A Life Less Busy

It snowed in my corner of the world this week. Enough for about an inch or so to stick on the ground. There was no snow when my kids went to bed one night and then the next morning the ground was covered. Oh how excited they were. Much to their dismay, it wasn’t enough to call off school.

I was taking my youngest to his school and listening to him marvel at the fresh snow and how he sure hoped it would still be there when he got home. As he was telling me this, he stopped cold and realized that he had already made himself plans to play something else and maybe, possibly, go to a neighbor kid’s house to do that. Just as quickly, he remembered that Daddy had purchased the new Disney Plus streaming service and fresh TV would be available for his viewing pleasure.

“Mommy, I have so much to do I don’t know how I’m going to decide,” he said. Well that IS a tough call. If you’re just desperate to know how it turned out, he chose a little of all three options and not a lot of any of them.

That conversation has been stuck in my brain. I was thinking about something along those same lines when he started talking about it. See, I was spending the same day volunteering at his school. I had been wondering how I was going to have time to get my various tasks done, fix dinner, get them to and from after school activities. At the core, I’ve really been thinking about priorities.

Life is short. I have a finite amount of time. It doesn’t matter how smart, kind, rich or poor I happen to be or how much stuff I accumulate. I cannot change the time. I can, however, change how I spend it. I don’t want to spend it being so busy that I’m too exhausted to enjoy it. It’s a little too close to the law of diminishing returns for me. My energy invested goes up and the benefits go down. If I give everything the same importance, then actually nothing is important.

I love sports and always have. In my late teenage years in particular, I was in a stretch at one time where I was playing softball for my high school and then for two other league teams in two different towns plus another team that traveled to different weekend tournaments. I was playing constantly. There were a couple times where I played three games, for three different teams, in three different towns on the same day. That was the perfect scheduling alignment for me.

My mom disagreed. I could drive myself up and down the road to all those games so she just let me and drastically reduced her appearance at any of them for a while.
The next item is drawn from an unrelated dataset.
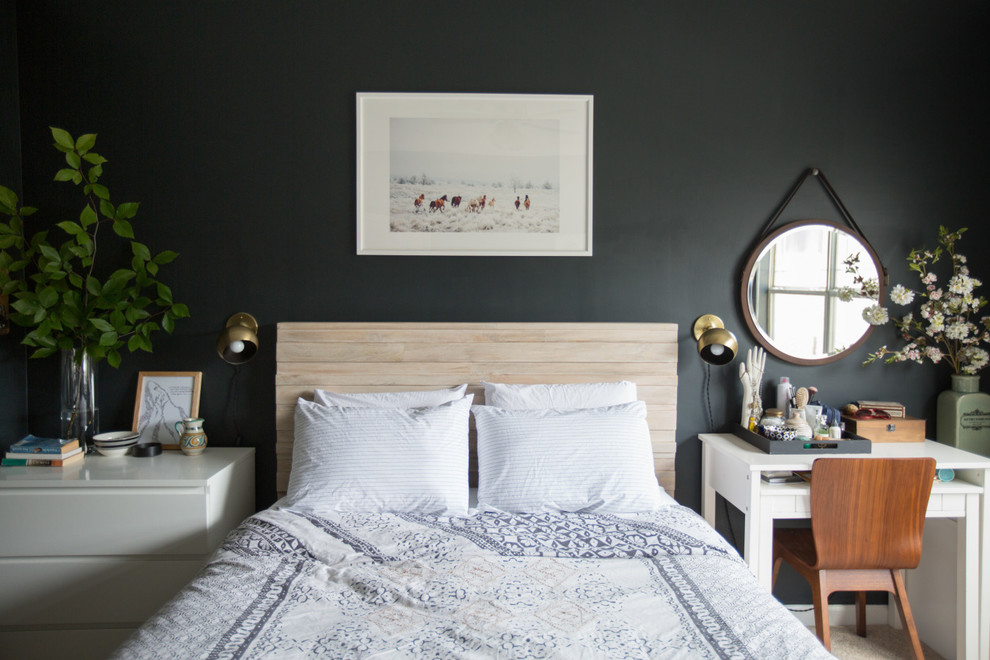Пример оригинального дизайна: хозяйская спальня среднего размера: освещение в стиле фьюжн с черными стенами, ковровым покрытием и бежевым полом без камина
She said I was playing so many games that none of them mattered. My eye-rolling teenage self just blew her off and continued on to my games. The much older and wiser me now understands what she was saying.

I would like to believe that I gave my maximum effort in all of those games, but the reality is that I probably wasn’t capable of that when I was spreading myself so thin. I didn’t take time to reflect on the wins, losses or my performances because I didn’t have it. I was on to the next game as fast as humanly possibly – changing uniforms in the car on the way down the road.

It just so happens that many of us, and that definitely includes me, are doing a version of this same thing in our daily lives. We’re filling our schedules and our kids’ schedules so full of things that we’re losing some of the value. I don’t think that God wants us to live that busy. I think He wants us to spend more time on fewer things with greater value.

Personally, I’ve been trying to make sure that He’s at the top of my value list. I’m far too guilty of making Him fight or wait for my attention. I’m also guilty of making the people most important to me fight for my real attention. My children for example. I want to do lots of things with my kids but I have to be careful not to over do it. I don’t have to fill a whole childhood in one year or one holiday season. When I drag them from one activity and event to the next without giving any of us down time to rest and recover, we get tired, cranky and don’t appreciate any of it.

That’s when I become the version of myself that Mom was trying to warn me about all those years ago. I think that’s the version of me that God is trying to warn me about when He reminds me to rest and to be still. I’m afraid that my kids will just remember a tried and grumpy Mom instead of the wonderful experiences I’m trying to give them. It’s well intended but missing the mark.

I pray that all of us are willing to slow down and value our time, not just during a holiday season, but for life. Let’s prioritize, do a few things wholeheartedly and then allow ourselves time for rest. That’s how we can truly appreciate our limited time. That’s how we can give God, our spouses, our children and our most important people, the best version of ourselves. And when we can give the best version of ourselves, we get the best results.